The Board of Commissioners on Friday agreed to award a $25,000 grant to the college from the county gaming fund. A portion of the gaming fund, which draws revenue from Belterra Casino and does not use tax dollars, is designated for historic preservation purposes.

The funding request is contingent on approval from the County Council.

Eleutherian College, a National Historic Landmark built in the 1850s, is significant for its role in abolitionist activities, the Underground Railroad and the early education of African-Americans. It is owned and operated by Historic Eleutherian College Inc., and is currently used for cultural and educational events.

The board's goal is to renovate the first-floor and balcony to bring in even more visitors and events. There has been no structural work completed on the property for the past 20 years.

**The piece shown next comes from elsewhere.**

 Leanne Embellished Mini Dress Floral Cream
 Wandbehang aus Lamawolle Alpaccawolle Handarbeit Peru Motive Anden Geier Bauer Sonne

The restoration project - which board members estimate will cost about $85,000 - will involve re-installing the original floor, woodwork, doors, cabinets and other trim that were removed from the building during the earlier work and milling new flooring and trim where needed.

Additionally, the plaster on the walls and ceilings will be replaced or repaired as needed and the interior spaces painted the original colors.

Earlier this year, the Jeffris Family Foundation of Wisconsin awarded the college $28,000 - enough to cover about one-third of the restoration. The contribution is considered a challenge grant and requires Historic Eleutherian College to raise the additional amount by June 30, 2016. The college can only use current donations to match the grant and not reserve funds.

"This is quite an honor. They only issue two or three of these grants a years," Larry DeBuhr, vice president of the board, told the commissioners.

He added that board members already have donated more than $15,000 to add to the foundation's award. With a contribution from Jefferson County, DeBuhr said he felt confident the board could make up the remaining difference through other potential donors.

"A grant from Jefferson County would put the icing on the cake," he said.

In other business:

• The Commissioners announced that longtime Jefferson County Board of Health member Dr. Ralph Pratt has resigned. Pratt served on the seven-member board for 46 years. The open position must be filled by another physician and approved by the commissioners.

• County resident Jerry Glunt addressed the commissioners about a dangerous intersection at Deputy Pike and Rogers Road. Glunt, who lives near the intersection, said he sees two to three accidents at the intersection every month. The most recent accident involved a motorcycle.

Glunt said there is rock wall that blocks motorists from seeing crossing traffic.

• The county will move the trash drop-off location from the site of the former Chelsea General Store to Chelsea Park. The next trash day in Chelsea is Monday. Only residents with a county trash card can drop off items at the sites.

• The commissioners announced that the county auction, which included surplus items from the offices and the highway garage, raised $13,614.27.